I’ve spent the past couple weeks fooling around with one solution to this problem: A desktop machine running both Windows XP (with Service Pack 1) and Red Hat Enterprise Linux WS under the VMware Workstation “virtual-machine” environment A VMware “virtual machine” is not a Java virtual machine; it’s a “swapper” mechanism that lets two operating systems run simultaneously on a single machine, each thinking that it has the hardware to itself.
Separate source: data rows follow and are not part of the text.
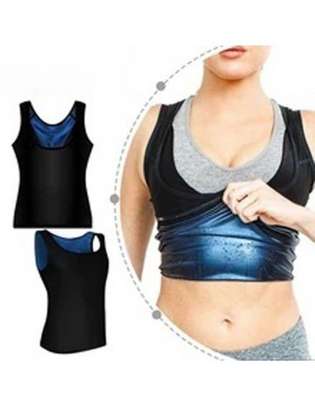 Gilet Sauna, Chemise à sueur thermique femmes image 8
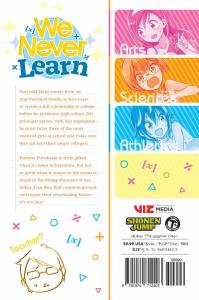 We Never Learn Vol. 11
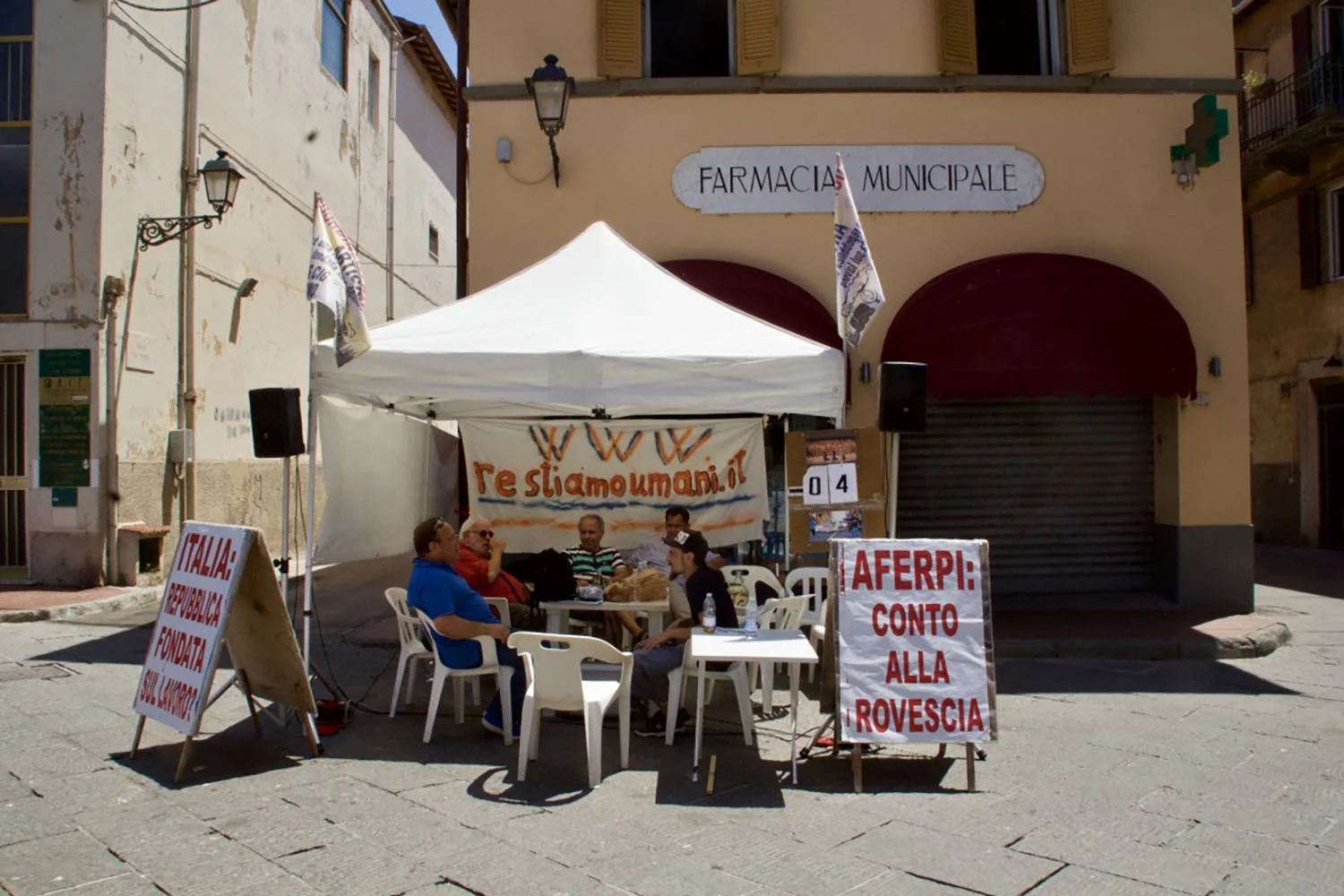 verità a-mare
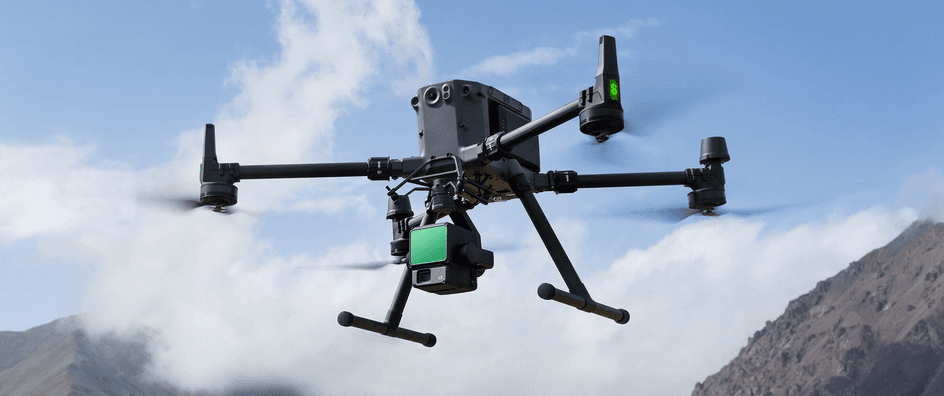 Zenmuse l2 LiDAR DJI Matrice 350 RTK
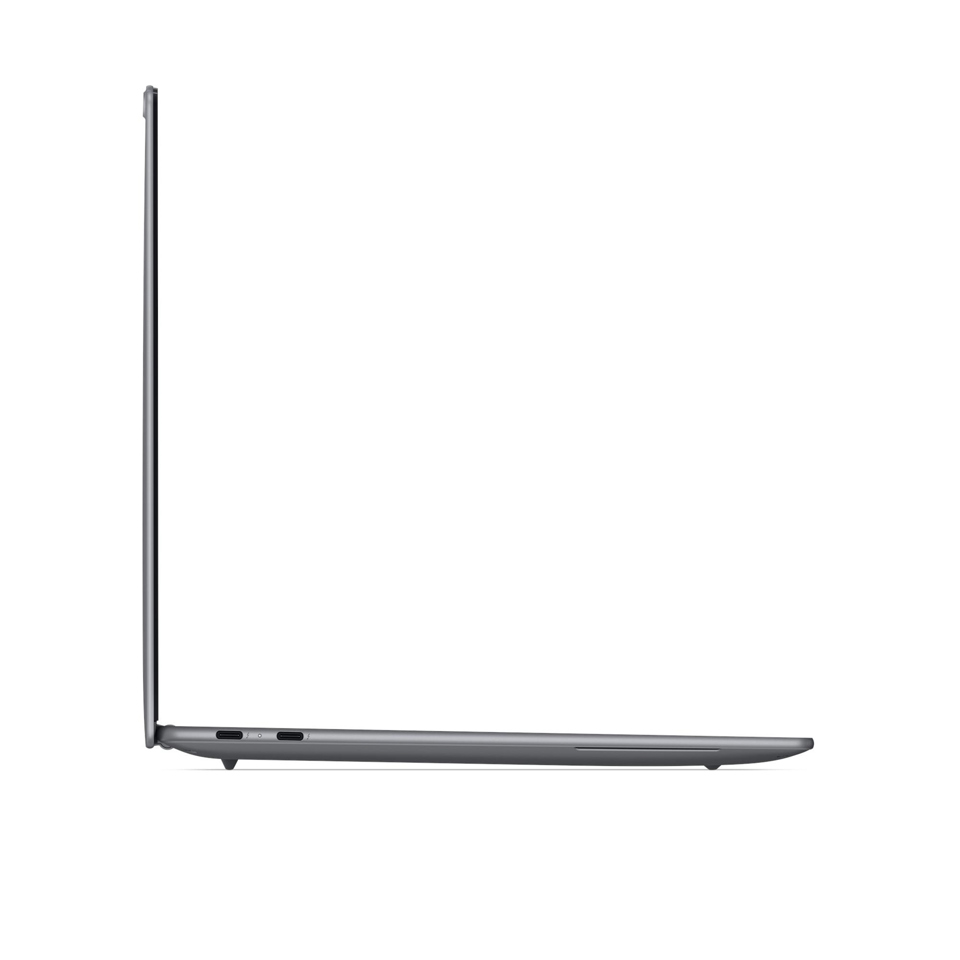 Lenovo Yoga | Notebook Slim 7 | Display 14.0'' WUXGA (1920x1200) OLED | Processore INTEL CORE U5 322 | Memoria RAM 16GB | Memoria SSD 1TB | Scheda grafica Integrata | Sistema Operativo WINDOWS 11 HOME | LUNA_GREY | Caricatore NON incluso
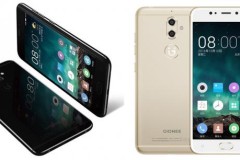 Gionee S9 ra mắt: Nguyên khối, camera kép, 4GB RAM, giá 8.3 triệu đồng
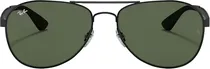 Óculos de Sol Ray-Ban RB3549 006/71 61 - Masculino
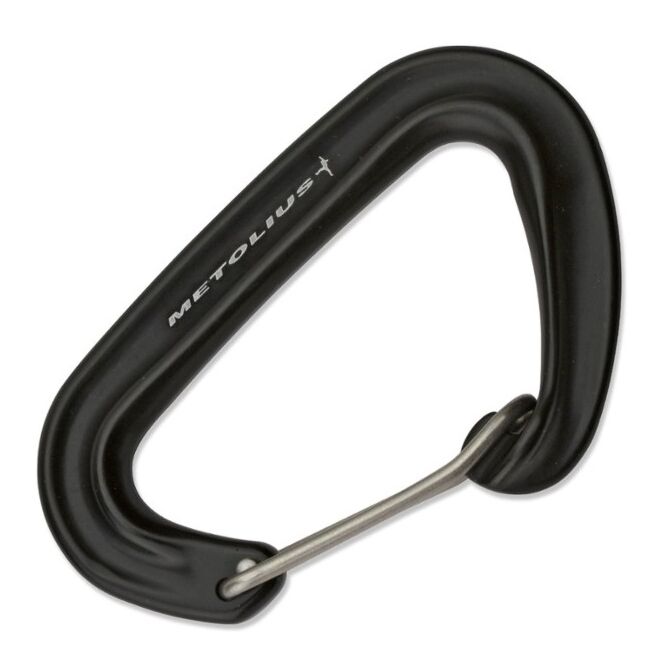 Metolius FS Mini II climbing carabiner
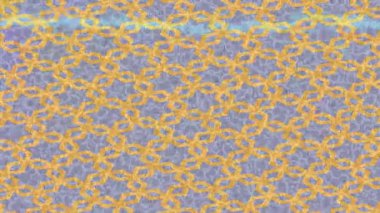 Estetik doku arkaplan tasarımı renkli hareket grafikleri ile moda film giriş profosyoneli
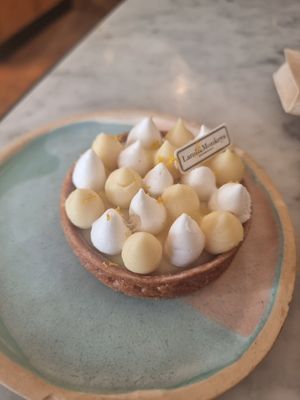 Lemon Tart 10/10 at Land & Monkeys - Beaumarchais in Paris
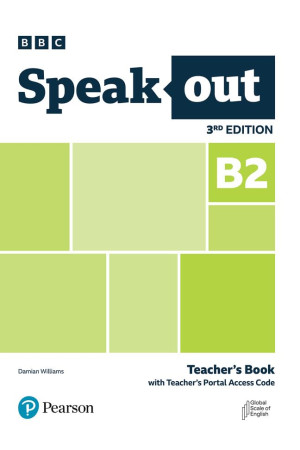 Speakout 3rd Ed. B2 TB + Teacher s Portal Access Code - Speakout 3rd Ed. | Litterula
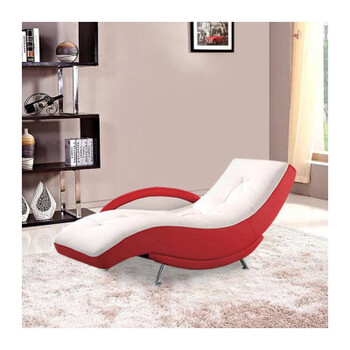 放松椅心理咨询室沙发床皮艺多功能沙发心理催眠床躺椅 人躺下扶手在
I also had an ulterior motive. I wanted to see if the latest Red Hat release could actually work as a consumer operating system. Many Java developers seem convinced that that’s possible. I don’t agree. If you want a solid Unix implementation that makes a great consumer operating system, fitted with a gorgeous graphical UI and able to run commercial applications, go buy a Mac. Linux is not, and never will be, a platform suitable for use on the average consumer desktop. It’s a great server-side operating system, but the very things that make Linux so strong on the server side are a death knell on the client side.

Linux demonstrates why you shouldn’t let developers specify products. Linux is too complicated and too hard for a non-developer to use. The existing graphical front ends don’t fix this problem. Apple’s solution—to write what amounts to a robotic system administrator—works fine, but the Linux community doesn’t seem to have either the will or the ability to go this route. The only way to solve this problem is to get the UI specification process out of the hands of developers and into the hands of end users, something that’s not likely to happen.